When I was still editing the printed version of the Conservative History Journal I was asked once or twice whether the articles were peer-reviewed. Until then it had not occurred to me that history articles could be. Factual inaccuracy, if not caught by the editor, is usually pointed out by some alert reader while interpretations one can argue about but they do not come under the rubric of peer review. That would imply that certain interpretations ought not to be published as they are somehow outside the peer consensus. That, as far as I can make out, is exactly what is happening with some publishers. At least one person I know has had trouble after the publisher had accepted her book with peer reviews because her writing was "outside the academic consensus" according to one reviewer. The publisher seems to be in a dither.

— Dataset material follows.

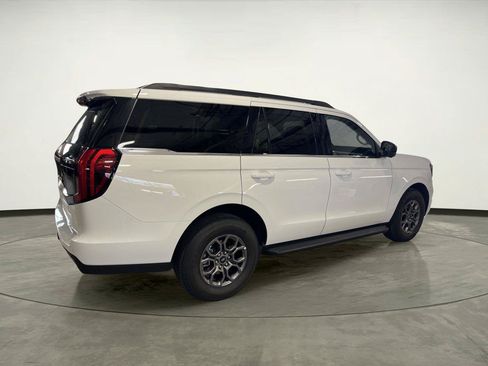 Used 2025 Ford Expedition Active AWD/4WD image 4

My reply was that CHJ is not peer reviewed and nor is it. Mistakes can be picked up and interpretations should be varied. I recall going through an article about Margaret Thatcher's premiership that was really rather hostile to her policies and achievements. I disagreed with every word but corrected only the grammar and punctuation as necessary. Maybe I tightened the text up a little but left all the arguments I considered wrong-headed in place. That, in my opinion, is what an editor does. Running off to a bunch of peer reviewers is not the answer.

Having thought about the subject I realized that a couple more points need to be made. One is that peer review looks at methodology. Any editor of a history journal or of a history book should be able to see whether the methodology makes sense and whether too many relevant facts and developments had been left out. I presume that is not so with science publications as no editor or a journal could understand the methodology of all branches of research. Therefore, peer review makes some sense.

On the other hand, as we have seen with the scandal that surrounds a good deal of the so-called "climate change science" and, specifically, with the e-mail controversy (or scandal) to do with the Climatic Research Unit at the University of East Anglia, in any controversial subject peer review can be and is used to prevent a break in the consensus.

I am hoping there will be comments on this piece as I would like to start a discussion. It is important for the future of history writing whether we accept the need for peer reviewing or not.

2 comments

  1. Anonymous Says:
  2. "My reply was that CHJ is not peer reviewed and nor is it."

    I think this sentence is incomplete

     
  3. Anonymous Says:


  4. "My reply was that CHJ is not peer reviewed and nor is it."

    I think this sentence is incomplete.